Dispelling the "big data" myth

Dispelling the "big data" myth

Summary: Big data is a silly term. Data has always been big. Instead of big rhetoric, we need a big solution.

TOPICS: Big Data

In the last six months or so, I don't think a week has passed that I don't read a headline about "big data" or receive an email about someone wanting to speak with me about their company that supports "big data."

It's enough to make me want to get up out of my comfy chair and yell, "STOP IT. THERE'S NO SUCH THING AS BIG DATA. DATA HAS ALWAYS BEEN 'BIG.'" Seriously, I'm sick of buzzterms and those who latch onto them. And, "Big Data" is the latest one to "get stuck in my craw" as we'd say in Texas.

Data, for those of you who don't realize it, has always been big.
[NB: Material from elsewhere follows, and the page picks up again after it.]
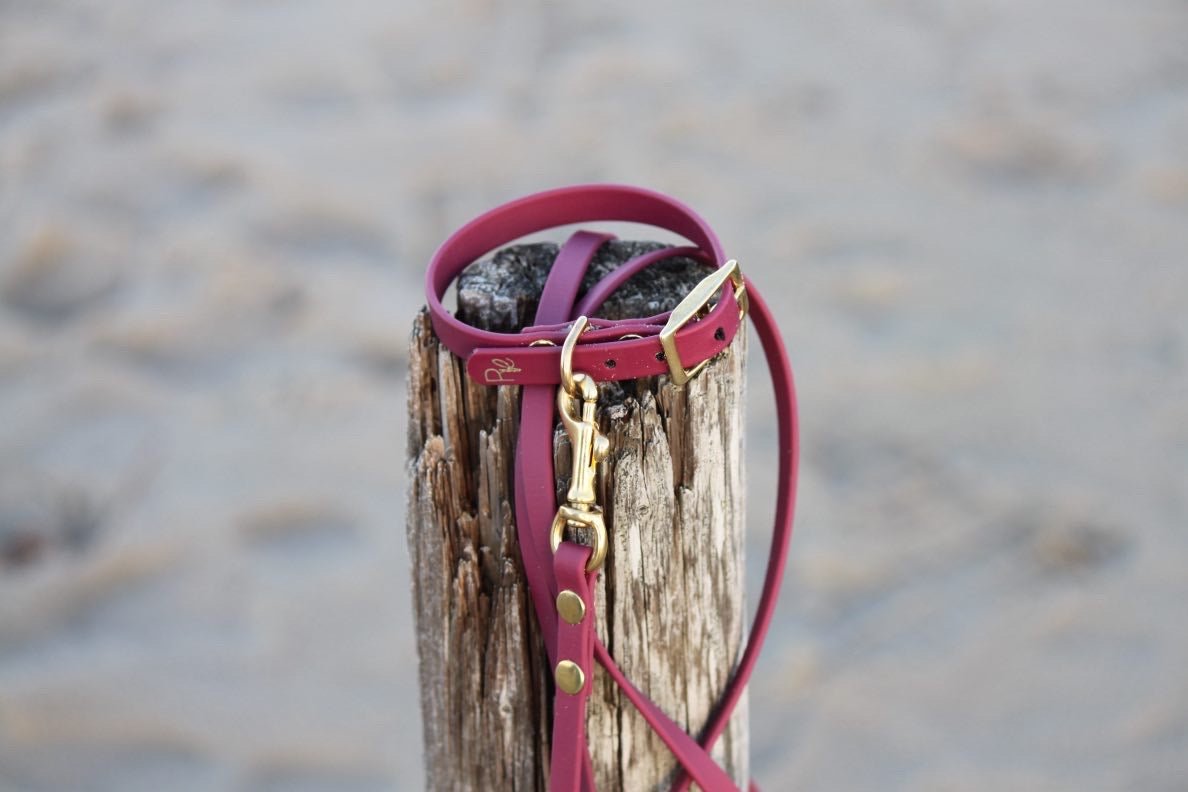 Halsband aus Biothane | BOHO CHIC - RudisRudel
Here's the definition of big data, conveniently lifted from Wikipedia:

"Big data" is a term applied to data sets whose size is beyond the ability of commonly used software tools to capture, manage, and process the data within a tolerable elapsed time. Big data sizes are a constantly moving target, as of 2012 ranging from a few dozen terabytes to many petabytes of data in a single data set.

Here are a few key "big data" points that I want you to remember, so I'm going to bullet point them for you.
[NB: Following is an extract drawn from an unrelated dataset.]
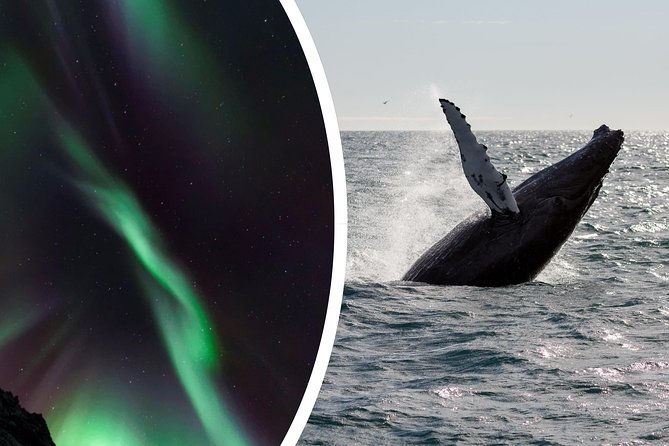 Whale Watching and Northern Lights Half-Day Combo Tour - Wildlife and aurora success: how the tour handles missed lights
  • Data has always been big.
  • Large data sets are difficult to maneuver, backup, copy, move and manage.
  • Traditional relational databases (RDBMSs) have practical limitations.
  • The cost of managing huge data sets is extreme.
  • There's a solution.

When standard server system disk drives were 90MB (Yes, megabytes), "big data" was in the gigabyte range. It was no less cumbersome in 1987 than it is now. Gigabyte-sized disks were expensive. WORM drives (Now, known as CD-R or DVD-R) only held 600MB each, the drive cost $3,000 and each disk cost $30. Data was big then. I should know. I produced a full CD of data per week from my HP GC/MS* at a laboratory in Dallas. It doesn't take long to tally up the amount of data I produced in a single month.

That was "big" data.

We didn't call it that. We called it "a lot of data." I think we might have interjected at least one expletive into the sentence for emphasis but it was big data.

That volume of data was hard to work with. It was nearly impossible to copy anywhere for analysis and it was expensive to store. It makes me wish I'd said, "Hey Don (My boss's name), what we have here is big data." My guess is that a beaker of Methylene Chloride would have sailed toward my head for that much silliness.
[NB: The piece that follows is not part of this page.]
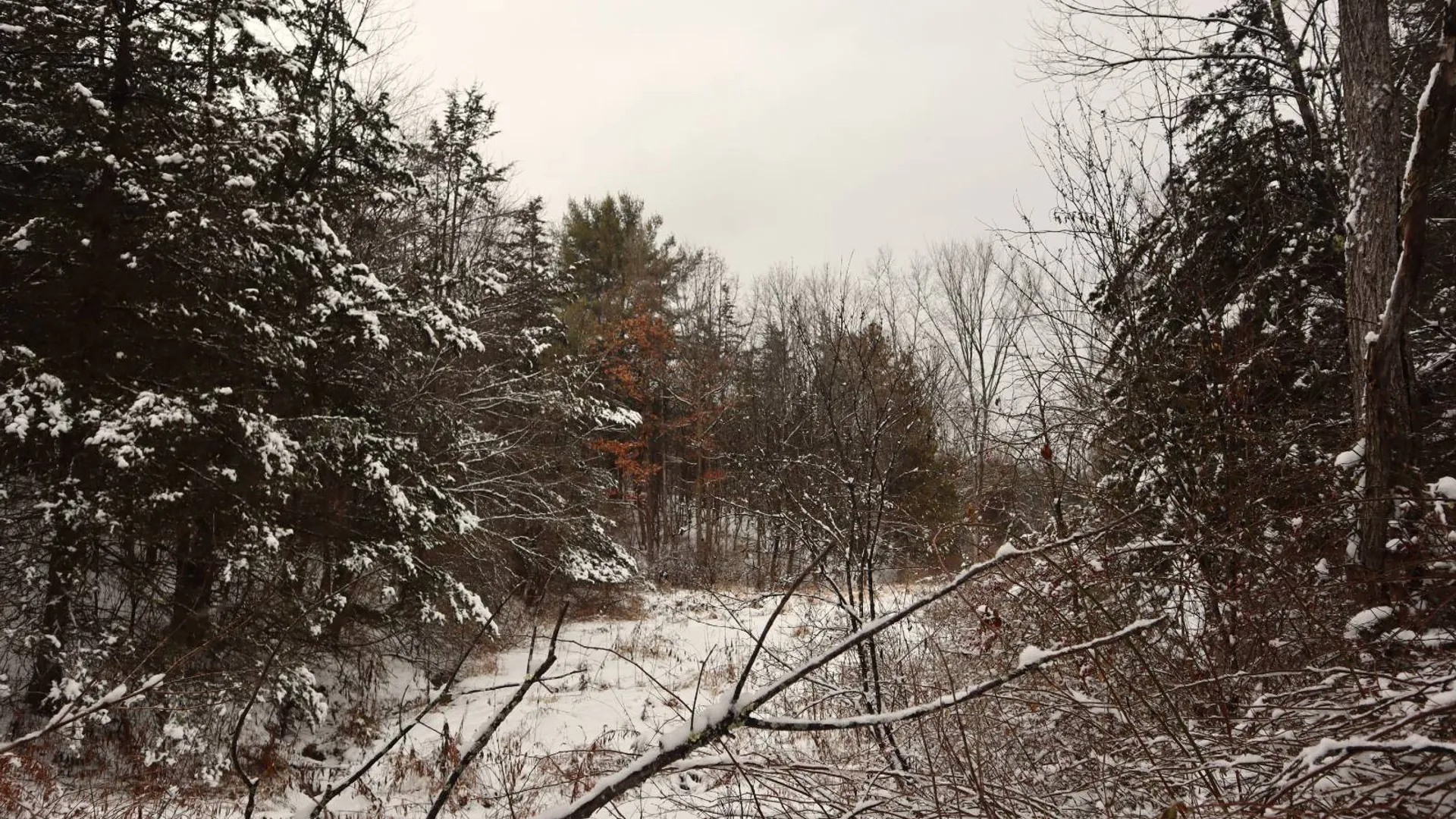 Property at 0 Wade Road, Whitehall, NY 12887 15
I did say that there's a solution to "big data." Here it is.

Simply stated, "You're doing it wrong."

If your data, like mine, is so large that you can't manage it efficiently or successfully, you're doing it wrong.

The solution is to rethink and rework data storage technology.

The days of using a single RDBMS to manage all that data are gone. When I really consider it, I'm not sure they ever existed.

Here are my suggestions for managing your "big" data (bullet pointed for your convenience):

  • Archive unused or little used data.
  • Use traditional RDBMSs for transactional data.
  • Use NoSQL for those large, non-shrinkable data volumes.
  • Tier your storage to maximize cost efficiency.
  • Split data sets into manageable chunks based on function or need.
  • Store data in more efficient formats to save space and speed queries.
  • Don't over-normalize data.
  • Use Indexes.
  • Query subsets or representational data sets.
  • Use disk-to-disk backup for speed and reliability.
  • Use the best available technology for storage, retrieval and networking.

The bottom line is that we have to change our technology to accommodate so-called big data. We have to change our storage technology, our database structure, our network architecture and our retrieval methods. No, it isn't easy but what we're doing doesn't work. It's never really worked. Filesystems aren't setup to accommodate huge databases, spanning disk volumes is a dangerous storage method and operating systems aren't up to the task of addressing such huge streams of data on current network infrastructure.

And, you can't keep scaling with our current hardware and software. Theoretical limits say we can but practical limits say that we can't.

We need to explore chip-based storage. We need to develop new data types. We need to research new filesystems and we need new data compression and delivery protocols. We need an RDP or MetaFrame type technology for data delivery across the wire. We have to think differently because data is big.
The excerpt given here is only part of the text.